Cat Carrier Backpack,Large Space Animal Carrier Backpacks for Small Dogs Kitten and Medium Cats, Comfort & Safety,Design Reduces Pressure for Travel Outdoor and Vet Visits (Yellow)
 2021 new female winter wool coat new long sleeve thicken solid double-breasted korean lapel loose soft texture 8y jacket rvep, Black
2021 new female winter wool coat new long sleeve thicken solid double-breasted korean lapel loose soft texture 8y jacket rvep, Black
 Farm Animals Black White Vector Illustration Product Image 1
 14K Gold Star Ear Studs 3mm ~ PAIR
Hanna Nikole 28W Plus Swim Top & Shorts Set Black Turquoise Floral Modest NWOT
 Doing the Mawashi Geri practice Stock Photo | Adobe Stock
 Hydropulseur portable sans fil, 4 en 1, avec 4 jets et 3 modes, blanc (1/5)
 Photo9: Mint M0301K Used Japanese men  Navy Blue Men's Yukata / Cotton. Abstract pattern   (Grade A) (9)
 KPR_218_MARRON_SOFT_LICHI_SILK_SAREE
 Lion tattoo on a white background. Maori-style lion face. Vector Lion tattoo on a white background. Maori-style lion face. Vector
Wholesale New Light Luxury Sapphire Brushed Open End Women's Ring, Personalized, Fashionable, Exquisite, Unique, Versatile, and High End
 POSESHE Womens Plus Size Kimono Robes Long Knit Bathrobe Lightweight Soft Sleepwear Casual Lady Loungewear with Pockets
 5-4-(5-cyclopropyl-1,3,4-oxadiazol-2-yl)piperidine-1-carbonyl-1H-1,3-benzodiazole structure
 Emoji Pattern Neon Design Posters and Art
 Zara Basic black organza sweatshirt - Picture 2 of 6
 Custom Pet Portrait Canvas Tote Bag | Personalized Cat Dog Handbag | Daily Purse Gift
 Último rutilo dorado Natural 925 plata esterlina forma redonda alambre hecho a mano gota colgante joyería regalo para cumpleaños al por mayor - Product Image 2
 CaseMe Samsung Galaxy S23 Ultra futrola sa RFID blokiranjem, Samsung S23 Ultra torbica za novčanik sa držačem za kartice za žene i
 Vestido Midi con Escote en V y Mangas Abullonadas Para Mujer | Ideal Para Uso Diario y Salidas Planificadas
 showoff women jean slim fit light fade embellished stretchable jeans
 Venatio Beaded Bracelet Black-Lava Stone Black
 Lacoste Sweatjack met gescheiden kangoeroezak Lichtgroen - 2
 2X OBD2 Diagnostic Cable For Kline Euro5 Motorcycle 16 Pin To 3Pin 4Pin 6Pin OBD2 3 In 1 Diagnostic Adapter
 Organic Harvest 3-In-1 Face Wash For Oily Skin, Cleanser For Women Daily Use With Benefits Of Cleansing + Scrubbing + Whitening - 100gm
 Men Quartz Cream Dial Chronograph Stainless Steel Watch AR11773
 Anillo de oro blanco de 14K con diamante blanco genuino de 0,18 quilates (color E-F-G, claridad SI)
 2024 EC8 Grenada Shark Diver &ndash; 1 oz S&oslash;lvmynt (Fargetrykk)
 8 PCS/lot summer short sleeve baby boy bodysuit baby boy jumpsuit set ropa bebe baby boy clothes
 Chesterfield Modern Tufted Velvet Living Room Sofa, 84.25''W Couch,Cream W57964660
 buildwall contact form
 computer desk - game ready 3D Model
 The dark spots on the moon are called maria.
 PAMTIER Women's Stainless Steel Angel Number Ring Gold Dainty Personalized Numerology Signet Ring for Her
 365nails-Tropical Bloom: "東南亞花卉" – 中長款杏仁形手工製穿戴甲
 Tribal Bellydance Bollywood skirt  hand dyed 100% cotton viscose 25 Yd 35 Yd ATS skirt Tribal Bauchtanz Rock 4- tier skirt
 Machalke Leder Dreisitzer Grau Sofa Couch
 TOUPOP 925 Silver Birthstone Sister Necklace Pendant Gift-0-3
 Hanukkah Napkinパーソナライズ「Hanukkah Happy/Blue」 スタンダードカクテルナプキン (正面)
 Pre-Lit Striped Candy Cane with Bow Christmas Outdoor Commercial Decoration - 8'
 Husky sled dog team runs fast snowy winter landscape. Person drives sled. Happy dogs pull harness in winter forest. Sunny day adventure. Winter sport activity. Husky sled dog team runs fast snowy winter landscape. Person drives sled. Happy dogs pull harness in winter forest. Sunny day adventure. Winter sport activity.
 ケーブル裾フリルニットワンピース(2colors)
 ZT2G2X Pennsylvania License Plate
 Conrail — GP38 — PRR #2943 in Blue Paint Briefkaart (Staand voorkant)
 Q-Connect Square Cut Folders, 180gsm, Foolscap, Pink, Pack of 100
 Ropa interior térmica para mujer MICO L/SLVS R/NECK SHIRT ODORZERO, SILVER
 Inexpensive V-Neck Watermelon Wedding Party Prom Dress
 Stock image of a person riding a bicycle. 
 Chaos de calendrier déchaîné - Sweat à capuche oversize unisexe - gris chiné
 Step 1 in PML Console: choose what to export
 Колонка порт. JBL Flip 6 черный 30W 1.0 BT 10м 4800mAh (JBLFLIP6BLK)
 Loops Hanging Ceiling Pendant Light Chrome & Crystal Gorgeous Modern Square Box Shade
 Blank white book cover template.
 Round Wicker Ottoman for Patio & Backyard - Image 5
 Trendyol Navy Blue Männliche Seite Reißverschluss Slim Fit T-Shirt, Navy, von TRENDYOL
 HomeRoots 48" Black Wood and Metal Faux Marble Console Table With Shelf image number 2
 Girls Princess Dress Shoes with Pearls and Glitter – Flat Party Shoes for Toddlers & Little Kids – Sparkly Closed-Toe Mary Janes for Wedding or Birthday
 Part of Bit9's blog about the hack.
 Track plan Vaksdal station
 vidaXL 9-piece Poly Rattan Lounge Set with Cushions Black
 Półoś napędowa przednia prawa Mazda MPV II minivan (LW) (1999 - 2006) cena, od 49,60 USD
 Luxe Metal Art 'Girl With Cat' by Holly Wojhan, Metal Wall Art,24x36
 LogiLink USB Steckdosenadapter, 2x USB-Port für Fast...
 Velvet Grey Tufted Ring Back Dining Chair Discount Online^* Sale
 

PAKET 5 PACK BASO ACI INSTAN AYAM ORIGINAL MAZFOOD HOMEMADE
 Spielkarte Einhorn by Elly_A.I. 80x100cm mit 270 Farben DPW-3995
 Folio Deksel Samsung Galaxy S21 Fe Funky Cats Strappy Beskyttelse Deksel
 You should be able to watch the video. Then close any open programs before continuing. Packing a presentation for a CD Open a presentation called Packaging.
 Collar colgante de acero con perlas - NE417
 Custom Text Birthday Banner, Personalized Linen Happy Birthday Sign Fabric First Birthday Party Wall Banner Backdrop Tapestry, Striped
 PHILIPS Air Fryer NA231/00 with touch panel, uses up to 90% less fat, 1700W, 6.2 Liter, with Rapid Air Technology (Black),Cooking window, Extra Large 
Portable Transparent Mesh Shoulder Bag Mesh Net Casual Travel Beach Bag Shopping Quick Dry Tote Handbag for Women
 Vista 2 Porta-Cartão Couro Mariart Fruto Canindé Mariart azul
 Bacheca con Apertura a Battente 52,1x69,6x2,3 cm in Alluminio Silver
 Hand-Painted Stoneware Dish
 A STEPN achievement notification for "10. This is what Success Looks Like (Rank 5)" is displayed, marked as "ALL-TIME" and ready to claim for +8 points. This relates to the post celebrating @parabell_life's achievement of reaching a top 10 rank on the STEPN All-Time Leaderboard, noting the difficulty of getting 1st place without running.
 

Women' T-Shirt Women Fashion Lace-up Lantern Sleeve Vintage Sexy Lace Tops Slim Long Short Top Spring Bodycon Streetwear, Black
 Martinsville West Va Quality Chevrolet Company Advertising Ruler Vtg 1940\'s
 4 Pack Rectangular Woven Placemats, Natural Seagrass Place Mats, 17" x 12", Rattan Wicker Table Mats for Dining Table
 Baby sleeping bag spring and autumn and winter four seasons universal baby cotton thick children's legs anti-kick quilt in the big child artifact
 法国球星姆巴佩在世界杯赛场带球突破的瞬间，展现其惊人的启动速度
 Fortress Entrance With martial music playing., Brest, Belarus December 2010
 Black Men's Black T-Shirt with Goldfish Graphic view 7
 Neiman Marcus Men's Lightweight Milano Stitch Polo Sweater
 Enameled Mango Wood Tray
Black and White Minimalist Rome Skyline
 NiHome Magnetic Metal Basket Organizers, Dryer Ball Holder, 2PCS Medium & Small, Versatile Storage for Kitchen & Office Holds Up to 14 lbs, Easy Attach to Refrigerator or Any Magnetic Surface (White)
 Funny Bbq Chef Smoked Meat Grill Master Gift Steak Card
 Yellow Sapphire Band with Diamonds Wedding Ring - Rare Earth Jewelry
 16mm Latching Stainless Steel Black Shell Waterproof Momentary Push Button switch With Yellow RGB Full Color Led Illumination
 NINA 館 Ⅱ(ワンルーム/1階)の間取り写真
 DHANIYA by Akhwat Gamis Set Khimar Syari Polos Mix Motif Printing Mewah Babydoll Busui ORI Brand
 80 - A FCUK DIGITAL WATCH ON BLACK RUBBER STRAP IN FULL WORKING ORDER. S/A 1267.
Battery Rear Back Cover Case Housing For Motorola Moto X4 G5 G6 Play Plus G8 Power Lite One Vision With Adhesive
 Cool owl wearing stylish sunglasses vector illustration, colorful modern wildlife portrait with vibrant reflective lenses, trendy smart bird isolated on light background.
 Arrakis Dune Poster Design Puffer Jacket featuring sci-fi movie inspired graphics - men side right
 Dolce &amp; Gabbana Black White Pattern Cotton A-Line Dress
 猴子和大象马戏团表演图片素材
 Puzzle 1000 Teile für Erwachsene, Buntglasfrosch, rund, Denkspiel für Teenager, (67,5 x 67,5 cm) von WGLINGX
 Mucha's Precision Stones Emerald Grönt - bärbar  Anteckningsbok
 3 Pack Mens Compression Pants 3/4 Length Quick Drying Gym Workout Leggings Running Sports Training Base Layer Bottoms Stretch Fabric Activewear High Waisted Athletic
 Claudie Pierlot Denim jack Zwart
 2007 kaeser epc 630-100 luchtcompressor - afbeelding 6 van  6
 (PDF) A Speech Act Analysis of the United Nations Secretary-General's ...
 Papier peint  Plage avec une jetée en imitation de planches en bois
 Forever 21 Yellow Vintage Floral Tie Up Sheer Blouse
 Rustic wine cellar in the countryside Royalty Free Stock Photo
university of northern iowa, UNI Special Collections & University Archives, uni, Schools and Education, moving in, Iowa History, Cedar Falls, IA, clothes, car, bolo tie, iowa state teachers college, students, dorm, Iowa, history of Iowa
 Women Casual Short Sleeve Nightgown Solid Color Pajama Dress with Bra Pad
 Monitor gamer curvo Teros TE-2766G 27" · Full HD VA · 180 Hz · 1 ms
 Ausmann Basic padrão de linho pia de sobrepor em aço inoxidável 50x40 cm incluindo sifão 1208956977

## Work item
From the data above, return every line from the line that has "ケーブル裾フリルニットワンピース(2colors)" up to and including the line that has "image number 2", exactly.

## Result for this exercise
 ケーブル裾フリルニットワンピース(2colors)
 ZT2G2X Pennsylvania License Plate
 Conrail — GP38 — PRR #2943 in Blue Paint Briefkaart (Staand voorkant)
 Q-Connect Square Cut Folders, 180gsm, Foolscap, Pink, Pack of 100
 Ropa interior térmica para mujer MICO L/SLVS R/NECK SHIRT ODORZERO, SILVER
 Inexpensive V-Neck Watermelon Wedding Party Prom Dress
 Stock image of a person riding a bicycle. 
 Chaos de calendrier déchaîné - Sweat à capuche oversize unisexe - gris chiné
 Step 1 in PML Console: choose what to export
 Колонка порт. JBL Flip 6 черный 30W 1.0 BT 10м 4800mAh (JBLFLIP6BLK)
 Loops Hanging Ceiling Pendant Light Chrome & Crystal Gorgeous Modern Square Box Shade
 Blank white book cover template.
 Round Wicker Ottoman for Patio & Backyard - Image 5
 Trendyol Navy Blue Männliche Seite Reißverschluss Slim Fit T-Shirt, Navy, von TRENDYOL
 HomeRoots 48" Black Wood and Metal Faux Marble Console Table With Shelf image number 2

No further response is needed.